= Beginning of Section =

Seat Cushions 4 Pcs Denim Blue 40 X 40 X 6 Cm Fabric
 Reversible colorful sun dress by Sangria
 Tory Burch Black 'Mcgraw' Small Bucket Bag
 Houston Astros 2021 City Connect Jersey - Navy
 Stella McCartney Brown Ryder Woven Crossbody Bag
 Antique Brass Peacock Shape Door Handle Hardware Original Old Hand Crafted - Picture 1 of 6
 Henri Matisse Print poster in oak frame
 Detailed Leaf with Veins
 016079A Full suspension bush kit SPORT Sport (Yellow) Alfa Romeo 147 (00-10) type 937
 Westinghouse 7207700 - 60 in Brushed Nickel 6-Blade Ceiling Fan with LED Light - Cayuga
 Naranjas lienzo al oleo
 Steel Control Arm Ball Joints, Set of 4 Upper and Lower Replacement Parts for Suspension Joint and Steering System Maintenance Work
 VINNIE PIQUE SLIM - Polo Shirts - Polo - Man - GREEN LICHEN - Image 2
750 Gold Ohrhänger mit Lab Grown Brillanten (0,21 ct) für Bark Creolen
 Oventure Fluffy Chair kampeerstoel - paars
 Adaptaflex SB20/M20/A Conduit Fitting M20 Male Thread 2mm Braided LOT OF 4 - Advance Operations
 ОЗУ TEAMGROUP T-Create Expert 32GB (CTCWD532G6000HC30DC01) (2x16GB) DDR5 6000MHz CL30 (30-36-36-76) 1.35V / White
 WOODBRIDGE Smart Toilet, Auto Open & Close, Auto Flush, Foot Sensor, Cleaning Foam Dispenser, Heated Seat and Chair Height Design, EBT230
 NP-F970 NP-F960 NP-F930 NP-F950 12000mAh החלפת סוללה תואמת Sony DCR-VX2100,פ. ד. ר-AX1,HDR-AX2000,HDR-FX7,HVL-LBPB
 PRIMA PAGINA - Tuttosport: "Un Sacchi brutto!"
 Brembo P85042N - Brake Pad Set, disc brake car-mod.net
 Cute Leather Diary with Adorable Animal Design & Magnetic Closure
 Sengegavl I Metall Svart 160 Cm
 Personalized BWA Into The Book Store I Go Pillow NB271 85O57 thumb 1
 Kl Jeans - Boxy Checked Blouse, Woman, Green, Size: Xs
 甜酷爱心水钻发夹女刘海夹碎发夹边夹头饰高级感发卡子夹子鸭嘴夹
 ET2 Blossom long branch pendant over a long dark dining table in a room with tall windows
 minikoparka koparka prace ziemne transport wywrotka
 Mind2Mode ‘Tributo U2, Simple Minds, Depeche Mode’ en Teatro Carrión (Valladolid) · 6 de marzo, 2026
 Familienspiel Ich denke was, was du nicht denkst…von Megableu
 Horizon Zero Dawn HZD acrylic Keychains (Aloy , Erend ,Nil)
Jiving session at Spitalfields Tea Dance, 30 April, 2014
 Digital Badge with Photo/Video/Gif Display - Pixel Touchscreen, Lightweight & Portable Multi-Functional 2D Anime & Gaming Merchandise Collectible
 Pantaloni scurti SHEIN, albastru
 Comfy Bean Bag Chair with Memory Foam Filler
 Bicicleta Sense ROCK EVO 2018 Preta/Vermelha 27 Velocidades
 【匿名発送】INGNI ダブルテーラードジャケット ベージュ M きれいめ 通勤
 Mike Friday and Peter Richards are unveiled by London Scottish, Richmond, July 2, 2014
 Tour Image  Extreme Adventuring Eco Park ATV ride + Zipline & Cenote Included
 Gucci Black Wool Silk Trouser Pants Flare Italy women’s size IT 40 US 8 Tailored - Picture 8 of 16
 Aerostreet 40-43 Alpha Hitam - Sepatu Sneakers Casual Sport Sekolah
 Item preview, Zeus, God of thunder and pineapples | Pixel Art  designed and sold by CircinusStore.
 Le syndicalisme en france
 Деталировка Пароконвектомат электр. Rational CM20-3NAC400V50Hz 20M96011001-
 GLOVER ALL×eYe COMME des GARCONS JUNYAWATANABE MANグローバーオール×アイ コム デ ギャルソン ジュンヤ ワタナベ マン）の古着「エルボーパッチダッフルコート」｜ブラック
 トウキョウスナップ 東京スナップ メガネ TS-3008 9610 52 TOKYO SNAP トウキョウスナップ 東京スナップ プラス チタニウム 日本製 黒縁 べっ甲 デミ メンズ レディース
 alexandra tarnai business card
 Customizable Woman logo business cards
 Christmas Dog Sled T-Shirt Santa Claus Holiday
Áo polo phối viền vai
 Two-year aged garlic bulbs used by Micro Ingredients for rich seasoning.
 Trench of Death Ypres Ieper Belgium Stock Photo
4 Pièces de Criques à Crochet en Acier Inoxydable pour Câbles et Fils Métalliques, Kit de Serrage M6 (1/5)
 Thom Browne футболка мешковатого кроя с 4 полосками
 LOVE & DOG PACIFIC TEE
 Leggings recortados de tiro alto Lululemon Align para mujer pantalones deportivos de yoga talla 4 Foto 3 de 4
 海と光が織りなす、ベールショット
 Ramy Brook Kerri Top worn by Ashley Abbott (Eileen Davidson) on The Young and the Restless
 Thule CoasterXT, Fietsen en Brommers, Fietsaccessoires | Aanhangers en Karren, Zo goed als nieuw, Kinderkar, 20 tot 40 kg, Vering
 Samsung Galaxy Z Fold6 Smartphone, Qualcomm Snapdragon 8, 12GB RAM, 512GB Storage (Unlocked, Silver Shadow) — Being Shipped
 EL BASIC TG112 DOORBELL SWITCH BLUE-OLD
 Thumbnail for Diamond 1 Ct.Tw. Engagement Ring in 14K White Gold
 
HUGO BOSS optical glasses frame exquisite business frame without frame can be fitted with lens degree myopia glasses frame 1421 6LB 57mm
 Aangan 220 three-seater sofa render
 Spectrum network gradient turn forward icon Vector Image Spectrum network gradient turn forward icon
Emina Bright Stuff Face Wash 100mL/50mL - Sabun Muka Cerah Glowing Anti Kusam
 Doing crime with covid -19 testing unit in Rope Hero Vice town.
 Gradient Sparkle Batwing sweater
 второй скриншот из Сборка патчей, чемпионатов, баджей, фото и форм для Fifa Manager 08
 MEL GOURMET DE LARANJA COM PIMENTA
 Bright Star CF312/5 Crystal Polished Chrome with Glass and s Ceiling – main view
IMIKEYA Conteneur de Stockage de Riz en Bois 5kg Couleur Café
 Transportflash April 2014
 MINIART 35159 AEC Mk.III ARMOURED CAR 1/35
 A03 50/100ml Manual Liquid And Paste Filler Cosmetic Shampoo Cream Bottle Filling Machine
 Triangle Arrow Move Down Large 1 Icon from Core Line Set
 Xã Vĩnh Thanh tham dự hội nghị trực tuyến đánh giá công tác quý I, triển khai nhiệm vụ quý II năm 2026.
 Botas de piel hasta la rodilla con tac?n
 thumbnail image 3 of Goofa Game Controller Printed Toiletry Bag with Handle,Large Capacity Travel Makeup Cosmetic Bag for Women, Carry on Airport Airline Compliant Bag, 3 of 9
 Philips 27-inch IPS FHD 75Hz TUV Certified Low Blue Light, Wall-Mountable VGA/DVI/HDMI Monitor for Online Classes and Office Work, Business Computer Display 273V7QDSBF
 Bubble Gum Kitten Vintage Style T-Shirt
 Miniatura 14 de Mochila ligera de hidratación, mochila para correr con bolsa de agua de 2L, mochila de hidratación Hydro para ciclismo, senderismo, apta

= End of Section =

WHAT TO DO:
Lines after the one containing "Detailed Leaf with Veins" are not part of the task. Output the entries exactly from their first line through that one.

ANSWER SPACE:
Seat Cushions 4 Pcs Denim Blue 40 X 40 X 6 Cm Fabric
 Reversible colorful sun dress by Sangria
 Tory Burch Black 'Mcgraw' Small Bucket Bag
 Houston Astros 2021 City Connect Jersey - Navy
 Stella McCartney Brown Ryder Woven Crossbody Bag
 Antique Brass Peacock Shape Door Handle Hardware Original Old Hand Crafted - Picture 1 of 6
 Henri Matisse Print poster in oak frame
 Detailed Leaf with Veins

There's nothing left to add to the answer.